Problem: Everything from the line with "Sauerteig für brot" down to the last line of the material below must be written out exactly. Leave out all other lines.

Information:
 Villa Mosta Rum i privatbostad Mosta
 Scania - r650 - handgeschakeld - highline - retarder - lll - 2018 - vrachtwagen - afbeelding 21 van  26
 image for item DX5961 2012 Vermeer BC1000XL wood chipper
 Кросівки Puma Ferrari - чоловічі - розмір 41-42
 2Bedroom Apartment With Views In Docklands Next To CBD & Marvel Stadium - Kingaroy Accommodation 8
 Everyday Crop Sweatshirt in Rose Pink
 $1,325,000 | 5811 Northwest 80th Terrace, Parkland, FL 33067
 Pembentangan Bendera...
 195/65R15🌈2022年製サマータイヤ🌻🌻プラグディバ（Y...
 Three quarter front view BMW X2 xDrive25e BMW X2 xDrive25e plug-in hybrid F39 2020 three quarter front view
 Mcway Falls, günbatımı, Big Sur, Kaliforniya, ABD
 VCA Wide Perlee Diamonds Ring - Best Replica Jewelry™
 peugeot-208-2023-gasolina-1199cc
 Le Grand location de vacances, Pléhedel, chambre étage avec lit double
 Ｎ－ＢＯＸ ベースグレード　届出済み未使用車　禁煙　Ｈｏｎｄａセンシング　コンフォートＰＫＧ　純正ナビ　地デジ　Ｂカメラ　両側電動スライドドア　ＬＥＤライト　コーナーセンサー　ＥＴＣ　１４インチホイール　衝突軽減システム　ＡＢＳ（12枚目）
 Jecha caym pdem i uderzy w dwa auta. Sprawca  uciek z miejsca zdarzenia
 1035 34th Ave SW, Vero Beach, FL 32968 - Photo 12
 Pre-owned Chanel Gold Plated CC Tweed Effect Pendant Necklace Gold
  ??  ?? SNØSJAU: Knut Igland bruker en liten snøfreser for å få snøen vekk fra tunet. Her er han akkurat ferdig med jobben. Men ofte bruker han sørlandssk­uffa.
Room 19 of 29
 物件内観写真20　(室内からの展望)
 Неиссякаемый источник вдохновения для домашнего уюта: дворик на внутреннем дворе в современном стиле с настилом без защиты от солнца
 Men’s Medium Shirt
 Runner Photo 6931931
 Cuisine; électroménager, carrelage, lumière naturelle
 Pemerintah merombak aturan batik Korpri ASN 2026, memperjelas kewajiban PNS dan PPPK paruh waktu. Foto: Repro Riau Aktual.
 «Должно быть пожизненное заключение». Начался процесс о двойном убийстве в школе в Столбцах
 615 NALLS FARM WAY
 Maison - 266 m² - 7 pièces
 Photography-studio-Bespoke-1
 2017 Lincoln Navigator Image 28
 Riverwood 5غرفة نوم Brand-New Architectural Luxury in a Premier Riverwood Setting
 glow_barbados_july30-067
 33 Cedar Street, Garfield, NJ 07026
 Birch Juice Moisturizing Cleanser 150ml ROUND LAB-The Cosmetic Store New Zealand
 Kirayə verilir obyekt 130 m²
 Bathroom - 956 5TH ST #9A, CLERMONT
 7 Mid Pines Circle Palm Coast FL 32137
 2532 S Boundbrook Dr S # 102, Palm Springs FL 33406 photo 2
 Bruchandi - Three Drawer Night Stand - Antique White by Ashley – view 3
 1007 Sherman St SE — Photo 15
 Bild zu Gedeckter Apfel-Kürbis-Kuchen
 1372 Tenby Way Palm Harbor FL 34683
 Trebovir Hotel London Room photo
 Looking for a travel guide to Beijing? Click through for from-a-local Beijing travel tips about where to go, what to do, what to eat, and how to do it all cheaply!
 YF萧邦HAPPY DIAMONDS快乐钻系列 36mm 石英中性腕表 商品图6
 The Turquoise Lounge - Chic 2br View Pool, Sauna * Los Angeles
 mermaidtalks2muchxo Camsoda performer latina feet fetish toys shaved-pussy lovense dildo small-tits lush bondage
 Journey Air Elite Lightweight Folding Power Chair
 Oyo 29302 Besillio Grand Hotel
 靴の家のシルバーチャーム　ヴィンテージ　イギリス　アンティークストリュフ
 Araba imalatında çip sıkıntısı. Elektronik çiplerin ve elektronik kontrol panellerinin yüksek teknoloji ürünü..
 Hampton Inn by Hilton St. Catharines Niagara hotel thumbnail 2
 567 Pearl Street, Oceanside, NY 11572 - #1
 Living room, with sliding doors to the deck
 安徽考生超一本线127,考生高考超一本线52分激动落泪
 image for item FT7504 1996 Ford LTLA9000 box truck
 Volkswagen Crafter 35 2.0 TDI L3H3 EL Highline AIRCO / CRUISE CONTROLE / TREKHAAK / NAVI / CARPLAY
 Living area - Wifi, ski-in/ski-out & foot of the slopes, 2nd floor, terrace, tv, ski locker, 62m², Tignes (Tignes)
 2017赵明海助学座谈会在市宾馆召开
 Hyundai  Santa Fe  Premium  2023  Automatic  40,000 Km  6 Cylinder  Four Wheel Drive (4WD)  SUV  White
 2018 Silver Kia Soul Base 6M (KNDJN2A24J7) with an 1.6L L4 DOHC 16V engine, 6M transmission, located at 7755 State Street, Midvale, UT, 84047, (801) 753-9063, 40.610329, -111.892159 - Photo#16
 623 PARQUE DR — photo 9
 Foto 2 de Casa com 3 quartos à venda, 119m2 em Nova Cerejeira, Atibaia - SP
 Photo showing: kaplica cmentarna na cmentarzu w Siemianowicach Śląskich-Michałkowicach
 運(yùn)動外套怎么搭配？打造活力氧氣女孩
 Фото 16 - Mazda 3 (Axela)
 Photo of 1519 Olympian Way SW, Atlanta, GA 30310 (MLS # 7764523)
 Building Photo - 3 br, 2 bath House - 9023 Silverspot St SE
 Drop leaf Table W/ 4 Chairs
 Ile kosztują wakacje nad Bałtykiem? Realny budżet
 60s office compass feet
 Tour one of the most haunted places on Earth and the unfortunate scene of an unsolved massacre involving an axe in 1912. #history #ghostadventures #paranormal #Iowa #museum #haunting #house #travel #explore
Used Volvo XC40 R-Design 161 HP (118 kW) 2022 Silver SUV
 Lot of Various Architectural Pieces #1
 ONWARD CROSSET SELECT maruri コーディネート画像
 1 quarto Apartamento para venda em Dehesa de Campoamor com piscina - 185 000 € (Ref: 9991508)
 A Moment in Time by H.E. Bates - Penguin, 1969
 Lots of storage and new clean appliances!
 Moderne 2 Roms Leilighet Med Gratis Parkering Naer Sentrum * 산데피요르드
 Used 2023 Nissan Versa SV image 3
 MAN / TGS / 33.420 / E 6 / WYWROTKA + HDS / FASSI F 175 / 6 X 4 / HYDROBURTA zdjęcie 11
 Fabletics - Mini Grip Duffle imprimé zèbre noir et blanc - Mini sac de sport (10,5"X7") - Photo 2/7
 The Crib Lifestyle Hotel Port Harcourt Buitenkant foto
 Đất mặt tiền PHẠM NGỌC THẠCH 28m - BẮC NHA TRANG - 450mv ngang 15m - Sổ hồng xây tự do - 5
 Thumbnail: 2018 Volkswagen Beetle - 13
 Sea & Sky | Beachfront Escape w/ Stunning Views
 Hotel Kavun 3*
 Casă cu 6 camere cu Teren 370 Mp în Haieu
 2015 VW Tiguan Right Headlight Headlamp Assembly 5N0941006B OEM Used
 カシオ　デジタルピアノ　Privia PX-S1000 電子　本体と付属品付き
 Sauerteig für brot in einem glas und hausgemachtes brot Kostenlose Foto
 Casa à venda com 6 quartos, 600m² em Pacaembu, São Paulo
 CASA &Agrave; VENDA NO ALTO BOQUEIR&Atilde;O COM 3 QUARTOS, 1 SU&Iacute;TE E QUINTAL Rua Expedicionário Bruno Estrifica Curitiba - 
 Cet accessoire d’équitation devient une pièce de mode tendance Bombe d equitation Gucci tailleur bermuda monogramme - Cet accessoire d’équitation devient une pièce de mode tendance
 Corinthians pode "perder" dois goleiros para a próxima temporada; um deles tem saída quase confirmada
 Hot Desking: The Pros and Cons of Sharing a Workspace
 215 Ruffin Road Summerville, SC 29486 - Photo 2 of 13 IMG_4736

Reply:
 Sauerteig für brot in einem glas und hausgemachtes brot Kostenlose Foto
 Casa à venda com 6 quartos, 600m² em Pacaembu, São Paulo
 CASA &Agrave; VENDA NO ALTO BOQUEIR&Atilde;O COM 3 QUARTOS, 1 SU&Iacute;TE E QUINTAL Rua Expedicionário Bruno Estrifica Curitiba - 
 Cet accessoire d’équitation devient une pièce de mode tendance Bombe d equitation Gucci tailleur bermuda monogramme - Cet accessoire d’équitation devient une pièce de mode tendance
 Corinthians pode "perder" dois goleiros para a próxima temporada; um deles tem saída quase confirmada
 Hot Desking: The Pros and Cons of Sharing a Workspace
 215 Ruffin Road Summerville, SC 29486 - Photo 2 of 13 IMG_4736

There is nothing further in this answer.